The Commission’s proposal is meant to flesh out the details of the robust EU Taxonomy regulation, whose Article 19 requires the Taxonomy criteria to be built on science, not give special treatment to certain technologies, and be easily verifiable. However, the new gas and nuclear criteria violate each of these requirements and are thus inconsistent with the regulation.  WWF calls on the EU Parliament and Council, which each have a yes/no vote on the proposal, to reject it.

Ester Asin, Director of WWF European Policy Office, said:
“The huge pressure by some European governments’ pet industries has led to this proposal.  The Act adopted by the Commission today would rig Europe’s financial system against the planet. They must think again and keep gas and nuclear out of the Taxonomy”. 

France has been pushing for months to have nuclear power included as sustainable in the EU Taxonomy. In exchange for the support of Poland, Hungary, the Czech Republic, Slovakia and more on nuclear energy, the French government agreed to proactively support a scientifically baseless inclusion of fossil gas. Germany and Italy supported the inclusion of gas but opposed nuclear.

On the side of scientific evidence stood Spain, which opposed the inclusion of both gas and nuclear, while a group of Member States like Austria, Denmark, Luxembourg and Portugal oppose nuclear. The Austrian government has promised to present a legal challenge to any Act that contains nuclear power.
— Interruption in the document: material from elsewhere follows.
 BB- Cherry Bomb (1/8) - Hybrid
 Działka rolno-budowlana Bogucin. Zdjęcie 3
While some Member States were involved in drafting the proposal, the European Parliament - and citizens - were completely excluded from the process. 
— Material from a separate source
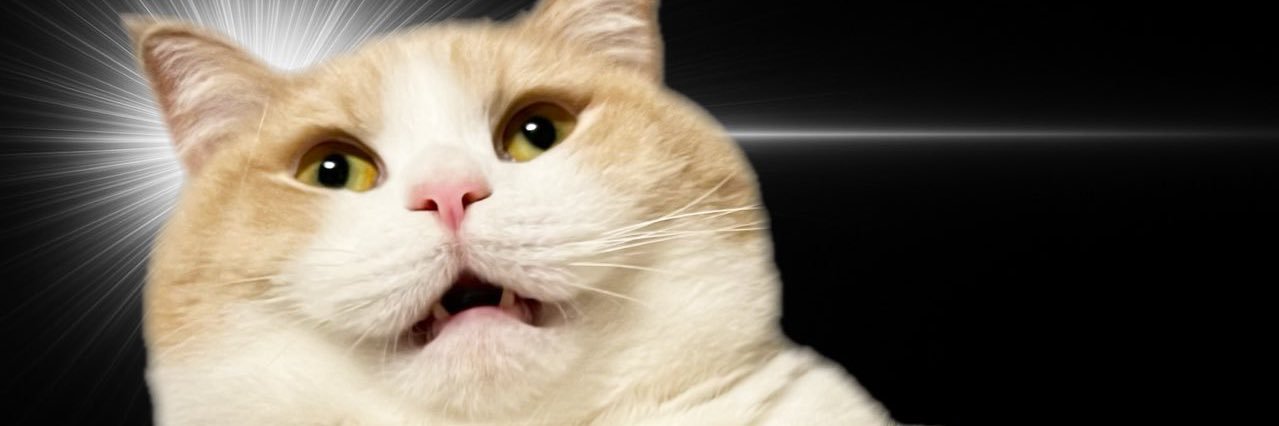 MaryABC007's profile banner image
Many investors and banks have already made it clear they do not support a greenwashed Taxonomy (2) - a system that was explicitly designed to identify green economic activities in a clear and transparent manner for investors. Today’s text is splitting the finance market - against the taxonomy aim to unify markets’ approaches - and slow down the transition. 

Sebastien Godinot, Senior Economist at WWF European Policy Office, said:
“The European Commission has allowed European governments to drag this Taxonomy Act into the gutter - and this fiasco is going to create a huge mess in financial markets. Scientifically speaking this Act is a fraud, which must be rejected to protect the credibility of the whole EU Taxonomy. No right-minded financial institution should use this Act to make its green finance decisions, since they would still be exposing themselves to the risks of greenwashing, reputational damage, stranded assets, lock-in, and legal complications.”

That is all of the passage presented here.